OTClean: Data Cleaning for Conditional Independence Violations using Optimal Transport
arxiv(2024)
摘要
Ensuring Conditional Independence (CI) constraints is pivotal for the
development of fair and trustworthy machine learning models. In this paper, we
introduce , a framework that harnesses optimal transport theory for data
repair under CI constraints. Optimal transport theory provides a rigorous
framework for measuring the discrepancy between probability distributions,
thereby ensuring control over data utility. We formulate the data repair
problem concerning CIs as a Quadratically Constrained Linear Program (QCLP) and
propose an alternating method for its solution.
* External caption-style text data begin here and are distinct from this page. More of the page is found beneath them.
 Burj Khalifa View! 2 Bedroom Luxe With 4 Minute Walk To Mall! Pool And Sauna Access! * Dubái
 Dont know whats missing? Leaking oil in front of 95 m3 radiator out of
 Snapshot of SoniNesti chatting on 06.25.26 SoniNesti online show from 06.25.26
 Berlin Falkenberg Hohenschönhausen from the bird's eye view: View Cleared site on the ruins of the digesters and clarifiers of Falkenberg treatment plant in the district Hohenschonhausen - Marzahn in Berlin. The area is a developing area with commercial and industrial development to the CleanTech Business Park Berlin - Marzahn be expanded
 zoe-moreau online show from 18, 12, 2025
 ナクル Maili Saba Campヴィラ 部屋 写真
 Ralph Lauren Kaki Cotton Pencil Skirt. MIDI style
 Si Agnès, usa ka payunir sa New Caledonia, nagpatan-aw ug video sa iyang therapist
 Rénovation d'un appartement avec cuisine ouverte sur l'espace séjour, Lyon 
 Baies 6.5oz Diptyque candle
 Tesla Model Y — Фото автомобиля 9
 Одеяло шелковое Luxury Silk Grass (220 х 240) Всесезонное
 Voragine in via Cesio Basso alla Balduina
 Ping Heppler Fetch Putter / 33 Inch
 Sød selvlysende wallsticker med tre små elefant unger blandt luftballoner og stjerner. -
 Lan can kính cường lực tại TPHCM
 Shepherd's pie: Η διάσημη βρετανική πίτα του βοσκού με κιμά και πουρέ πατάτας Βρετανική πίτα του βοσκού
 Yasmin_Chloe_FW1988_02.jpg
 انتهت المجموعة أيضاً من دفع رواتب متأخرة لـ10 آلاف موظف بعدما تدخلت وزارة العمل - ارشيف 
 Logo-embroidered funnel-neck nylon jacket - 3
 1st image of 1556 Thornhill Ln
However, this approach faces
scalability issues due to the computational cost associated with computing
optimal transport distances, such as the Wasserstein distance. To overcome
these scalability challenges, we reframe our problem as a regularized
optimization problem, enabling us to develop an iterative algorithm inspired by
Sinkhorn's matrix scaling algorithm, which efficiently addresses
high-dimensional and large-scale data. Through extensive experiments, we
demonstrate the efficacy and efficiency of our proposed methods, showcasing
their practical utility in real-world data cleaning and preprocessing tasks.
Furthermore, we provide comparisons with traditional approaches, highlighting
the superiority of our techniques in terms of preserving data utility while
ensuring adherence to the desired CI constraints.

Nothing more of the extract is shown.